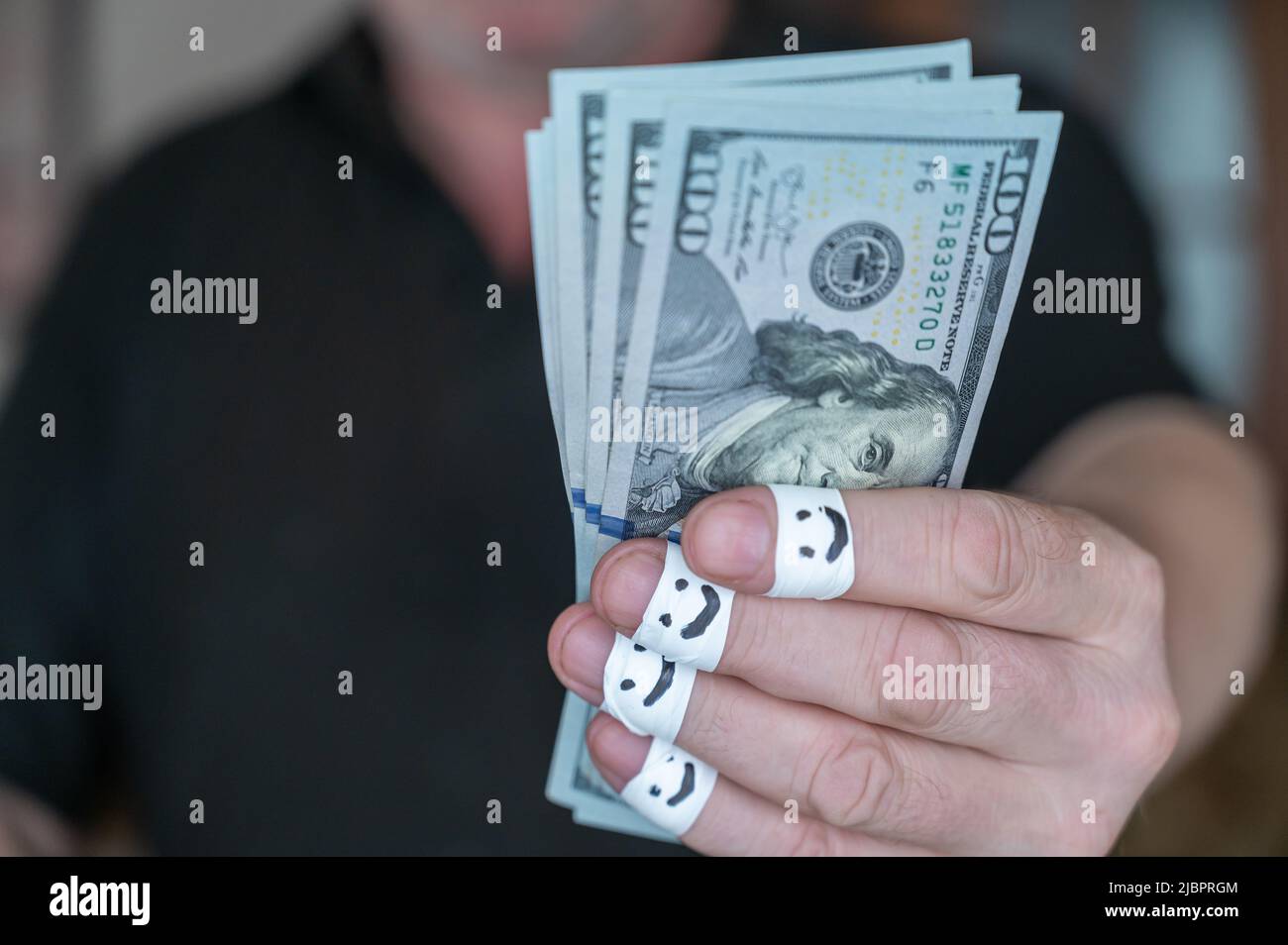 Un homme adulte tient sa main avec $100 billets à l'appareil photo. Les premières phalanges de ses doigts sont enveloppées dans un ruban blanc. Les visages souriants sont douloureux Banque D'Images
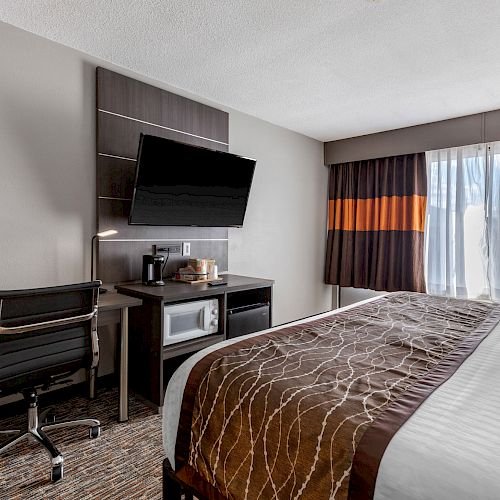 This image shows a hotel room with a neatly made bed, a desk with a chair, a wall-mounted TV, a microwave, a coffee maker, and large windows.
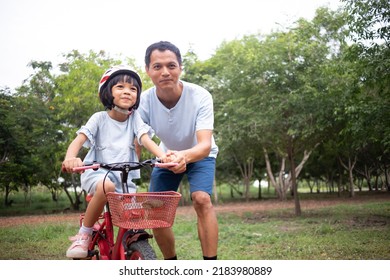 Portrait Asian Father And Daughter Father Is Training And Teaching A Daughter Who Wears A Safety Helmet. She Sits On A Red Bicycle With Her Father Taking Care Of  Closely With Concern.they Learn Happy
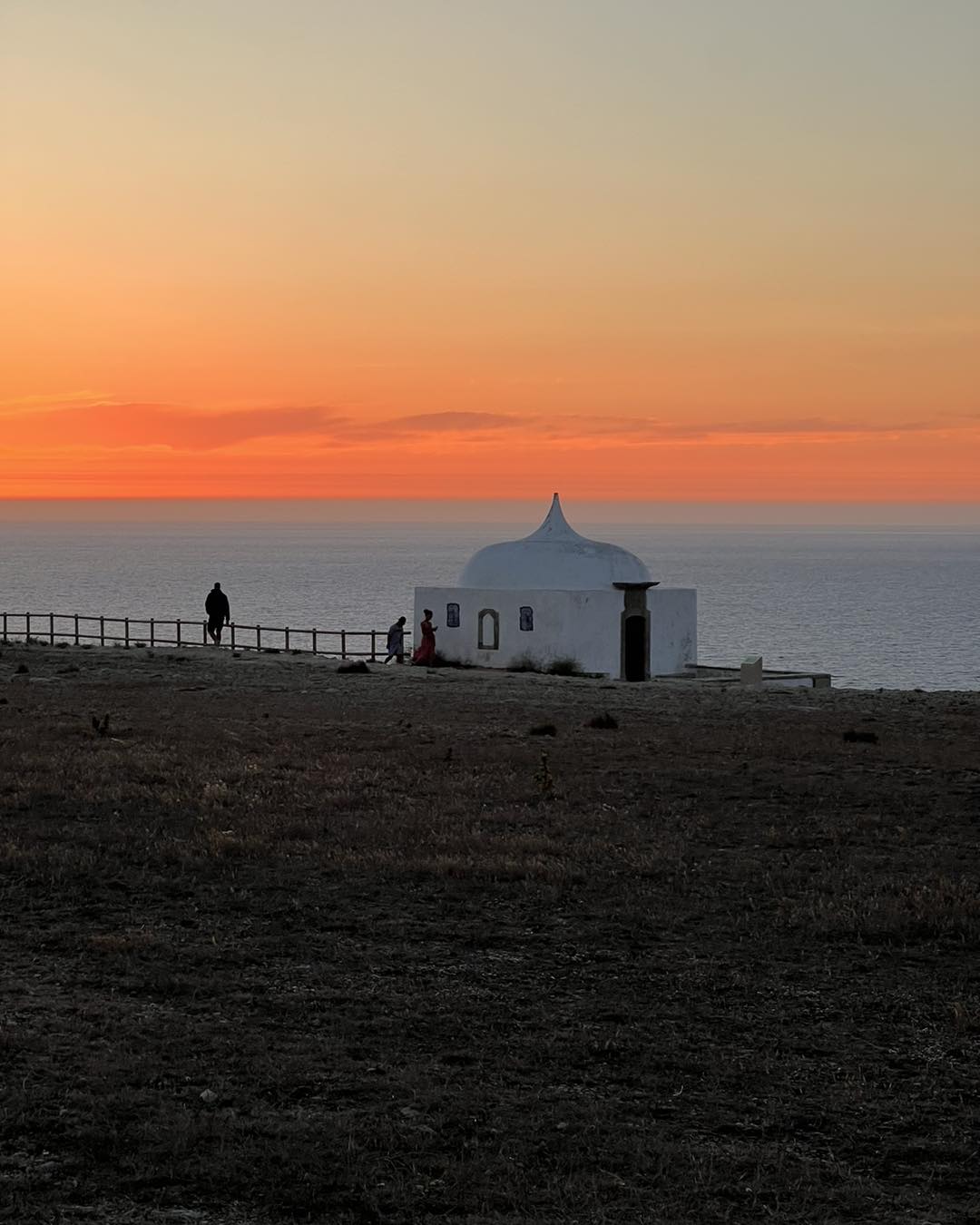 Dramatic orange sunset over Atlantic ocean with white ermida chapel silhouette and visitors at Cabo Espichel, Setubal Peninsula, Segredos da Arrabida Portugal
****************************************
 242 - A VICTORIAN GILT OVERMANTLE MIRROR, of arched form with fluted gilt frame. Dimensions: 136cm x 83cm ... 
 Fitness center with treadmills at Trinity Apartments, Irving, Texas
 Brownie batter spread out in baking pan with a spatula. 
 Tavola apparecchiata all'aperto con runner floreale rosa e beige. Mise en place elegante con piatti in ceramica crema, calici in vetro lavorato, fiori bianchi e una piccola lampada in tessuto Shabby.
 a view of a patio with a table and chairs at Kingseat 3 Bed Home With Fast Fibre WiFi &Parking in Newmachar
****************************************
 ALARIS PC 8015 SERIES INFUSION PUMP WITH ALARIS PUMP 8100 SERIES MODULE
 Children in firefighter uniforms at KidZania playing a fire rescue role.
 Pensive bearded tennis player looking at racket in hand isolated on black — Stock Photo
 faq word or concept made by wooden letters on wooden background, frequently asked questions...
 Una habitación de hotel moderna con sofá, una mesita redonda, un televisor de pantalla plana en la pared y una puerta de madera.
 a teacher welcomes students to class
****************************************
Instructions to follow
In the listing above, find the line with "Portrait Asian Father" and the line with "Dramatic orange sunset". Copy both of them and every line between, exactly, but not the pictures.

Task result
 Portrait Asian Father And Daughter Father Is Training And Teaching A Daughter Who Wears A Safety Helmet. She Sits On A Red Bicycle With Her Father Taking Care Of  Closely With Concern.they Learn Happy
 Dramatic orange sunset over Atlantic ocean with white ermida chapel silhouette and visitors at Cabo Espichel, Setubal Peninsula, Segredos da Arrabida Portugal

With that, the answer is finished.